Last year I wrote an article on why investing in U.S. multinationals is not the same as investing in foreign companies. From that article:
Michelle Gibley of Charles Schwab discussed the reasons for investing in foreign firms instead of U.S. multinationals in an article back in May. From the article titled “4 Mistakes to Avoid in International Investing“:
- “The stocks of U.S. multinational companies tend to move in tandem with other U.S. stocks, and U.S. multinationals typically still derive a large percentage of their profits from the United States. But this misses the point of investing internationally—to diversify into areas that aren’t so highly correlated with the U.S. market.
- Similarly, multinationals have a greater tendency to hedge currency exposure—and one reason to invest internationally is to increase your currency diversification, not reduce it.

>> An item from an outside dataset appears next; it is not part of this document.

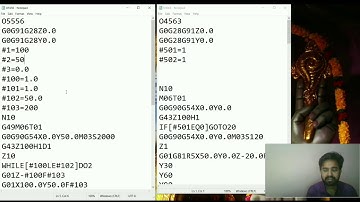 Macro programming cnc Milling, Macro programming vmc, Macro side Milling programing , CTS ,cnc macro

- U.S. multinationals may not do as well as local competitors in their target foreign markets due to cultural and local differences. After all, not everyone prefers U.S. brands, and some U.S. companies have difficulty customizing products for foreign markets.
- The U.S. share of the global stock market is declining, so investing in U.S. multinationals means missing out on different opportunities elsewhere. When you look at global GDP, non-U.S. countries dominate, indicating the market share of these countries has room to grow.

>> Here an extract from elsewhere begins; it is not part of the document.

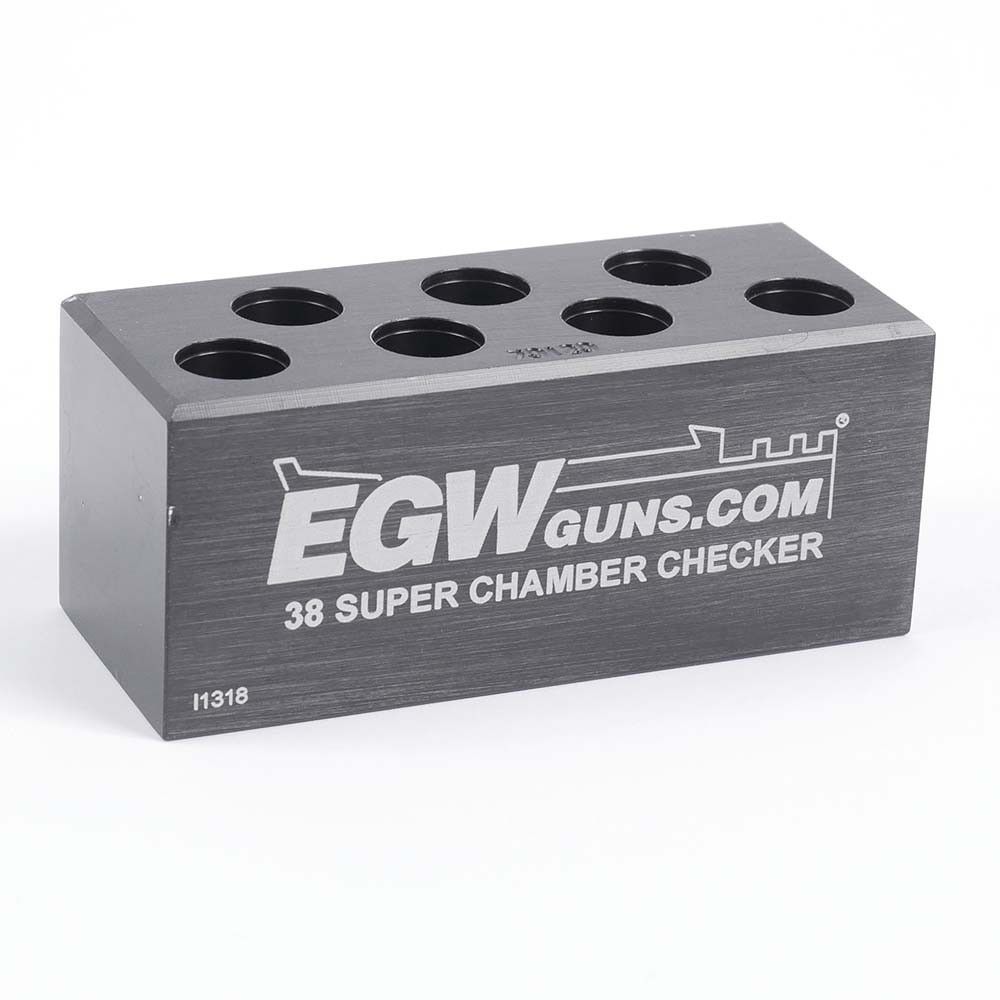 Evolution Gun Works Ammo Chamber Checker 38 Super 7-hole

- Owning large multinational companies means excluding small cap companies that are more closely tied to the economic conditions in their local markets. International small cap stocks have even lower correlations to U.S stocks than large cap international stocks.”

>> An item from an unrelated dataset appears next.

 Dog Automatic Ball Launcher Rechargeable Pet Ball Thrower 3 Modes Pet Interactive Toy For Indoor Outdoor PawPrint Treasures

Source: 4 Mistakes to Avoid in International Investing, Charles Schwab
In this post let us take a look at a chart I recently came across at The Big Picture related to this subject. Here is the chart:
Click to enlarge
Investors must note that the above chart is not accurate in terms of data and is based on estimates. This is because many US firms including multinationals in the S&P 500 do not report sales by country and may group countries into regions as they wish. For example, instead of reporting sales by US, Canada and Mexico, they may just report it as sales in North America. Similarly they may combine sales in China with the figures for countries such as Taiwan, Hong Kong, etc. and call it ‘The Greater China’ region.